Teaching and learning methods
The unit consists of 1h-long lectures and 2h-long seminars a week, delivered in person.
Lectures will combine oral presentations with presentation slides, audio and video material, as well as interactive elements.
Seminars will give students an opportunity to critically discuss the readings and lectures and involve them in a series of practical and group activities, including but not limited to debates, tutorials, and peer review.
Knowledge and understanding
- Place contemporary debates and practices of data and datafication in a historical perspective.

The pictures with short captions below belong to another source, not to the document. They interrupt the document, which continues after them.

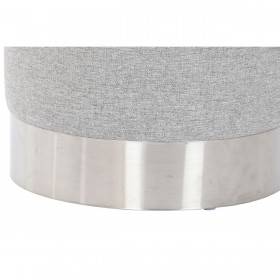 Poggiapiedi Home ESPRIT Grigio Argentato 35 x 35 x 42 cm
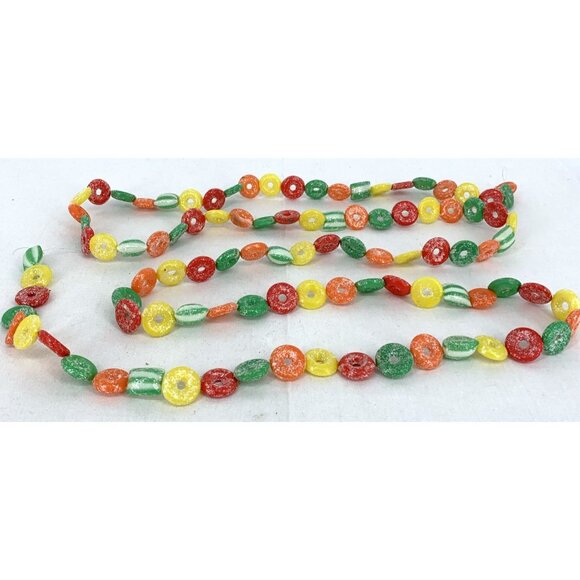 Plastic Blow Mold Sugared Candy Lifesaver Peppermint Candy Garland 9' Long - Picture 1 of 5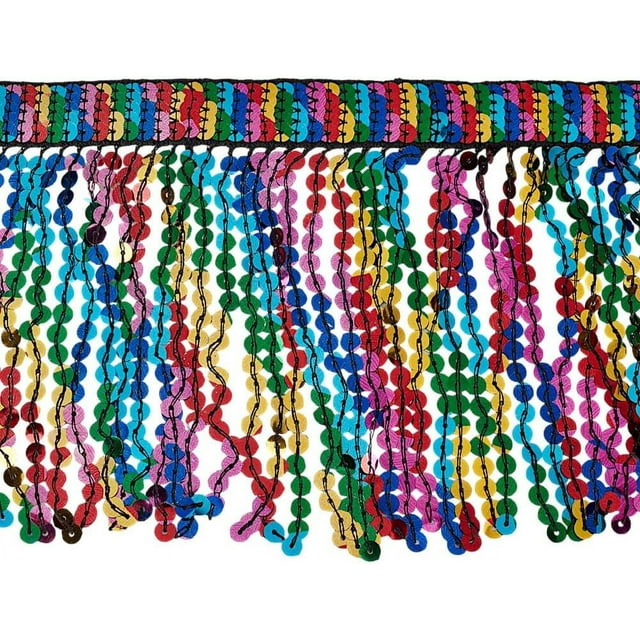 10 yardas de flecos de lentejuelas de 9.4 pulgadas de ancho. Flecos de borlas de lentejuelas de colores. Adorno para coser con borlas de lentejuelas.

- Identity the relationships between current and historic data practices in a variety of contexts.
- Demonstrate a robust academic vocabulary for interacting with and questioning data.
Intellectual skills
- Situate and evaluate historical factors that have determined how data has been collected, organised, and made accessible or unavailable.
- Examine and critique academic claims and arguments relating to the histories of data and datafication.
- Identify, describe, and critically evaluate artifacts such as datasets, data visualisations, and related media.
Practical skills
- Identify, retrieve, and analyse different types of historical data and secondary readings.
- Compare and contrast a range of methods and tools used to interrogate and analyse data in historical inquiry.
- Analyse and recast a complex type of evidence in terms that peers and non-experts can understand.
Transferable skills and personal qualities
- Think creatively about how to develop and communicate their work.
- Reflect on and act upon peer and instructor feedback.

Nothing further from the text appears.